The Tahitians followed and male blood pressures rose as short red skirts and bikini tops were enhanced by huge black and red feather head dresses, fast moving hips and wild drums! The gorgeous, long haired teenage girls changed configurations, bobbed up and down and I saw a rock and roll foot step at one point. Contemporary influences were present.
The concert was gradually revving up in speed and spectacle. Kiribati followed with adolescent performers who held their own with the adults; shouting, slapping, stamping and clapping. Their mat skirts proved their percussive ability as they were slapped.
Fijians presented a Melanesian and Polynesian blend in white shirts and sulus to the ground. Energy levels settled for this performance. A recorded backing band sang in a Fijian dialect and then English – “lovely frangipani, I adore you” – and gentle lyrical hands threaded, carried, rose and fell as a feeling of being in “the Happy Isle” permeated the relaxed lakeside setting.
Then a huge crew of Cook Islanders crowded onto the stage with male dancers in front shouting and waving spears as they stamped and jumped. When the girls danced through the men to the front, in their coconut shell bras, with loud singing and background drumming, the crowd went wild! Plenty of dry ice did not prevent us seeing that the men had only mat loin clothes with a bit of grass edging, the hips bare and swaying. The head dresses were spectacular.
When the Samoans finally took the stage the audience was revved up and ready to party. Three men in yellow lava-lava bounced through a double-time slap dance to Bollywood hip hop music. We could see this was not going to be the traditional village experience, but the contemporary one! With sophisticated backing tracks the Samoans blended contemporary music with authentic traditional movement vocabularies and threw in some fire dancing to a fast rap track. We were on fire!

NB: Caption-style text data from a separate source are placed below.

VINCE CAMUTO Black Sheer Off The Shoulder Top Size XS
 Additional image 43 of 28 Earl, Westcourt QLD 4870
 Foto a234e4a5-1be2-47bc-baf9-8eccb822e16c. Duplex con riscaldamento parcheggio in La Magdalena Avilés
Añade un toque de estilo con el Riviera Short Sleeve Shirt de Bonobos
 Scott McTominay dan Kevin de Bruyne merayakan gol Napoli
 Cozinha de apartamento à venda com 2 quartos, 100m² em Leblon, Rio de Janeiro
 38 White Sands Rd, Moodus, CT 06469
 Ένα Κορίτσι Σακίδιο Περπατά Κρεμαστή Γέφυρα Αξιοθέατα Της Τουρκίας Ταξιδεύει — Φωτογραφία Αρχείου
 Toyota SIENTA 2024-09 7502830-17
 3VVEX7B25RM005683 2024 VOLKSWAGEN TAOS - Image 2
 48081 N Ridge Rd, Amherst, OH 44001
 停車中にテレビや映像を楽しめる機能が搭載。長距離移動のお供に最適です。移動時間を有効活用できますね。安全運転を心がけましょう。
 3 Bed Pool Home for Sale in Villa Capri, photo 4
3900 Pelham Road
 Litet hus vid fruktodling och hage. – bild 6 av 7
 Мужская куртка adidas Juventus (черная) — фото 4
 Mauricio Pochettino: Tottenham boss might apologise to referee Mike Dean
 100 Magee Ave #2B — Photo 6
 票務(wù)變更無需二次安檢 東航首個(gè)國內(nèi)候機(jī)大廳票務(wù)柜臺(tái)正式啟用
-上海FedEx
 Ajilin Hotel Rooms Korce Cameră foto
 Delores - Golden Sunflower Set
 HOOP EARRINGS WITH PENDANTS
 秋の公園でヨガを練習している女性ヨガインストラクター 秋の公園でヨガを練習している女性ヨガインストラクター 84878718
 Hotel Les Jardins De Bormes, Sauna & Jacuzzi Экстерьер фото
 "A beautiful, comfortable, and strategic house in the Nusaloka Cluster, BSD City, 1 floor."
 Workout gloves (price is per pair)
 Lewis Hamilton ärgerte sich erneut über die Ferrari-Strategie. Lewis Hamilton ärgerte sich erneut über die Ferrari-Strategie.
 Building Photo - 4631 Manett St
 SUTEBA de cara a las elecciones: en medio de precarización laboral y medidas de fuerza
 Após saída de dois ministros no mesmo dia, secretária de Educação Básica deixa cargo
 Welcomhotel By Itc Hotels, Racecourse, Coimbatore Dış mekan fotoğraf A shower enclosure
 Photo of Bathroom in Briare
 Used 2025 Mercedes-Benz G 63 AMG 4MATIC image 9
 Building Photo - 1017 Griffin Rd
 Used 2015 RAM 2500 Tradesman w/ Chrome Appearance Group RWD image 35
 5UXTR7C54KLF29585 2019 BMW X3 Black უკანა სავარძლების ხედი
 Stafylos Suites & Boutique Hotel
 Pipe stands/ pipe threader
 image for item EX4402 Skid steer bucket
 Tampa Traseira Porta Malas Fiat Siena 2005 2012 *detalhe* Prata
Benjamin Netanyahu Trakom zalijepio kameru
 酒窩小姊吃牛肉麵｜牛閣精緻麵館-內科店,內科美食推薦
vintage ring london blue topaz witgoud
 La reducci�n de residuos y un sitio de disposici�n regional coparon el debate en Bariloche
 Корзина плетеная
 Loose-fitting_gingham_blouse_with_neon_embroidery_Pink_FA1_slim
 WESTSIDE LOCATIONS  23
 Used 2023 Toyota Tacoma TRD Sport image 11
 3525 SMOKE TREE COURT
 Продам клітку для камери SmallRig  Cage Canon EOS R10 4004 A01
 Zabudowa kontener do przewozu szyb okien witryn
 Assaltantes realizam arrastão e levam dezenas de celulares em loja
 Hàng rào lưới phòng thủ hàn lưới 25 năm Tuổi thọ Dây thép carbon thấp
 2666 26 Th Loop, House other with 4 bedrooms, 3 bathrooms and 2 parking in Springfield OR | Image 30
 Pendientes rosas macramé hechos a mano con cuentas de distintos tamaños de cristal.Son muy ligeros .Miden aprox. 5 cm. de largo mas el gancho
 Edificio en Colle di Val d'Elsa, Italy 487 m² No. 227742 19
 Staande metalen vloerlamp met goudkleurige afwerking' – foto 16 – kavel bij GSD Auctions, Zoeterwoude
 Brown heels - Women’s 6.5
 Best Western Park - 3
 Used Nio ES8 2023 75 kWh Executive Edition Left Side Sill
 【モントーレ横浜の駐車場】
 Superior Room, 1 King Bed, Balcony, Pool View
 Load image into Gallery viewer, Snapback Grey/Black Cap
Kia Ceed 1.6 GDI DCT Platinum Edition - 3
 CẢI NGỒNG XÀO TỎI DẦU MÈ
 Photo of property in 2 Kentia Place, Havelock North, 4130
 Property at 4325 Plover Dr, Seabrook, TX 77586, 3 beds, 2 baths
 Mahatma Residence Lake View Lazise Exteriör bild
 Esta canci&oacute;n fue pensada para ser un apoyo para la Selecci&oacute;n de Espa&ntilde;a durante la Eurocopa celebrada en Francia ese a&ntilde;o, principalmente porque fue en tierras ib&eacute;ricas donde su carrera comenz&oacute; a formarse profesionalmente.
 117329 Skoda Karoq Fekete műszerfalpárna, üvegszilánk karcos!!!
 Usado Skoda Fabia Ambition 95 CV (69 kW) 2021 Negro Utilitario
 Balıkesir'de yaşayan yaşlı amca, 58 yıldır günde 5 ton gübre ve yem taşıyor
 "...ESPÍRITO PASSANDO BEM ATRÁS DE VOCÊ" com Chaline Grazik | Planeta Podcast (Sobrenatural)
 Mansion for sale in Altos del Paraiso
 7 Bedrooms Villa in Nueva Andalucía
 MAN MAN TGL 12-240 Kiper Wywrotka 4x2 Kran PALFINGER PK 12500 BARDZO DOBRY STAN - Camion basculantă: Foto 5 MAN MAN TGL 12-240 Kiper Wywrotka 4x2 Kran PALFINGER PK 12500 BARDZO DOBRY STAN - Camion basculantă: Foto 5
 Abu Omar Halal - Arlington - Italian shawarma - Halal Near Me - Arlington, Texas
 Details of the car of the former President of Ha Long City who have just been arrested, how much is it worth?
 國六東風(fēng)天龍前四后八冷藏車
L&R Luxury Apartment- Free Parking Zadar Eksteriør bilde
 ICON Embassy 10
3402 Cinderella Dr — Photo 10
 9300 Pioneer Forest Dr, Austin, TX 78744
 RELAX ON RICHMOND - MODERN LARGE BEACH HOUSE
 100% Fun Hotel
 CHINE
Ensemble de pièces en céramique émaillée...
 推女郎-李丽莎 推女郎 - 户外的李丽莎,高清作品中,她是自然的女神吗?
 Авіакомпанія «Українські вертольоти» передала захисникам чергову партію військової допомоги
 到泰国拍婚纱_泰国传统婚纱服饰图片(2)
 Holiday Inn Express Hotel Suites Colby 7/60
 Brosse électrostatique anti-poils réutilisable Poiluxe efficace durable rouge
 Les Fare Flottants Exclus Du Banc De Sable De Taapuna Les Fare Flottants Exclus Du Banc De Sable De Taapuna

The two and a quarter hour concert came to a close with the big overseas guests taking the stage: the Mana Maoli Collective from Hawaii. There was to be no traditional undressing into grass skirts here. A band in jeans and T-shirts carried guitars, ukulele, and basses. Vocalists came too, the girls in dresses and jean jackets. A 38 member crew had made the flight over. A conch shell sounded while women sang a haunting chant with lots of vibrato. Five dancers came forward with a long and a short driftwood stick each, playing their own stick and their neighbours, as they moved with tall posture, tension, precision and blank faces. It was strong.
Their second piece contrasted this, with a solo female beauty in a long black dress and scarf. The movements were slow and lyrical with hand gesturing, smiling and the emergence of birdlike whistling from a vocalist. All their pieces were a homogenous blend of traditional and contemporary and very professional in presentation. They are certainly worth seeking out at Saturdays’ concert. A Reverend closed the concert in prayer.
The culmination, festival day, takes place on Saturday, 13 March, bringing together thousands of Aucklanders for a great day out at Western Springs. Expect more than 350 stalls, 10 Pacific Island villages and 12 stages.
Pasifika Festival has expanded with the week leading up to festival day seeing several new exciting additions to the programme. The Best of the Auditions concerts in the city centre featured performances from the top 10 individuals and groups, from festival auditions held in January, as well as guest artists from Dawn Raid and the Mana Maoli Collective from Hawaii.
Pasifika Festival also presented Fakakaukau, a Pacific debate series, at Auckland Town Hall and Aotea Centre Mika and the Auckland Philharmonia Orchestra in Po: Beautiful Darkness on Friday, 12 March (to be separately reviewed).